Get around FHA Title Seasoning

I am in MN and pretty much every buyer out there is using FHA financing right now. What is a legal way to get around the Title Seasoning Issue that FHA seams to have. I have a couple properties that I have approved and have end buyers for but they are all using FHA financing and the FHA wont fund them because of the seasoning issue.

Any help please??

I have not figured this one out yet. I usually put the end buyer in the property as a tenant paying me rent until the title seasoning period is over. Then they purchase.

So just do like a short term c/d or rent to own? Or do you just have them pay rent that covers your mortgage?

So you must be purchasing the home outright then reselling?
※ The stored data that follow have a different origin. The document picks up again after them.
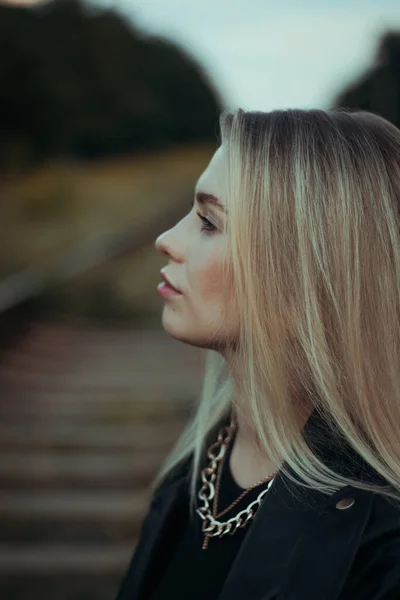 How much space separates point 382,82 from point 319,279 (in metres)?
16.2

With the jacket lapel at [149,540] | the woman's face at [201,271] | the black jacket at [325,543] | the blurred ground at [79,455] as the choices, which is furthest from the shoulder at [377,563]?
the blurred ground at [79,455]

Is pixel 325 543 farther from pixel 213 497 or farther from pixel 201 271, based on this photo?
pixel 201 271

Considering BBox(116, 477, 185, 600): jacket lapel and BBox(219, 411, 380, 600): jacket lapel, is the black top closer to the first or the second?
BBox(116, 477, 185, 600): jacket lapel

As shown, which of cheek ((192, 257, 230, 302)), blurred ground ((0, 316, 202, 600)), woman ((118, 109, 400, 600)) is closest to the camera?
woman ((118, 109, 400, 600))

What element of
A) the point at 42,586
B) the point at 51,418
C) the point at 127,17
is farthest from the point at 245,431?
the point at 127,17

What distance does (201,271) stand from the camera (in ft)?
5.68

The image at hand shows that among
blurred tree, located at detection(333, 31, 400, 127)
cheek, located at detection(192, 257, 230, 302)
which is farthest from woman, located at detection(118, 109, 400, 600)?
blurred tree, located at detection(333, 31, 400, 127)

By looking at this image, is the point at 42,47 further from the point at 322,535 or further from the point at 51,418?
the point at 322,535

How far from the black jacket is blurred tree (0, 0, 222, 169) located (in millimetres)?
12092

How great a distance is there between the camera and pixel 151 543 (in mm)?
1945

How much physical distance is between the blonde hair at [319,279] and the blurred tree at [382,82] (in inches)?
609

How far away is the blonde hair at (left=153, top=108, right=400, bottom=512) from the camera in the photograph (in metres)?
1.61

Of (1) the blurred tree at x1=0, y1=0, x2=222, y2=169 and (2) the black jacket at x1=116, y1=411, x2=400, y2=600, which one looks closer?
(2) the black jacket at x1=116, y1=411, x2=400, y2=600

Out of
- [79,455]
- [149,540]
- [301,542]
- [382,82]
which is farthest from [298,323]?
[382,82]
Do you purchase cash to keep closing costs down? If seasoning is 3 months with FHA then if you could build a nest of 500K then you could finance 2 short term Lease options or c/d’s at a time with that…depending on price of course.
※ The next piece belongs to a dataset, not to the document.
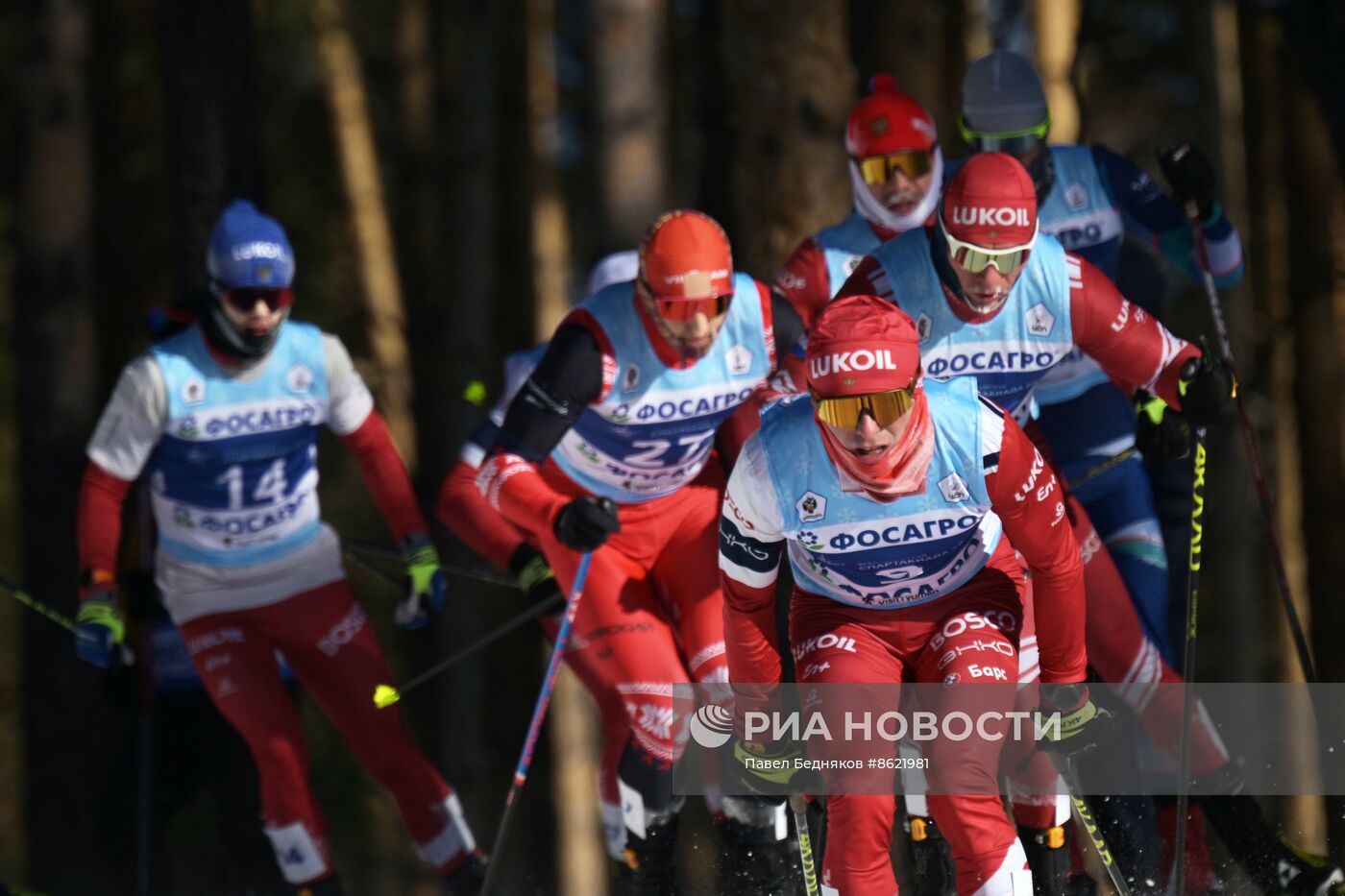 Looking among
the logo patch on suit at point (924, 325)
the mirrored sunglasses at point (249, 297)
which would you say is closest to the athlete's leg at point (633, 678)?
the logo patch on suit at point (924, 325)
I am trying to fiigure out the best way. I have a guy that has that kind of cash and I am going to take out for dinner to see if he would be interested.

Any suggestions?

The homes I was talking about are ones I purchase and flip in 90-days to an FHA buyer. On those particular homes I just write up a short term lease with a non-refundable deposit stating that they will close on or before 115 days.
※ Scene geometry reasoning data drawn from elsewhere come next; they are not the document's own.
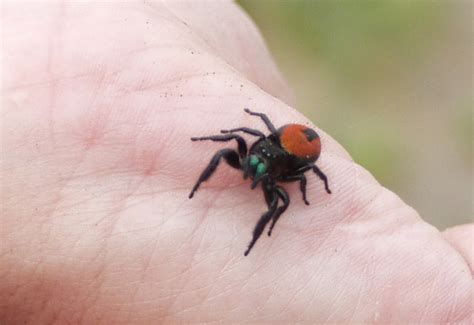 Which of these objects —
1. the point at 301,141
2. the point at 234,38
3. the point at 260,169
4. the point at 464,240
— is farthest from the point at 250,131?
the point at 464,240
If you are talking lease options, that is a different story. Lenders will usually require 1-year proof of payments from the tenant/buyer before they will consider them for financing. That is why most of my lease options are 1 or 2 year lease options and I run all the payments through a long term escrow company.

If you are thinking of doing lease options you should not have to get financing. Keep the existing (seller) loans in place and take control of the property. Put a tenant/buyer in the property and have them pay a little over what the mortgage is, that way you create a little cash flow. Do this over and over and over again, and that little bit of cash flow becomes a substantial amount of money every month.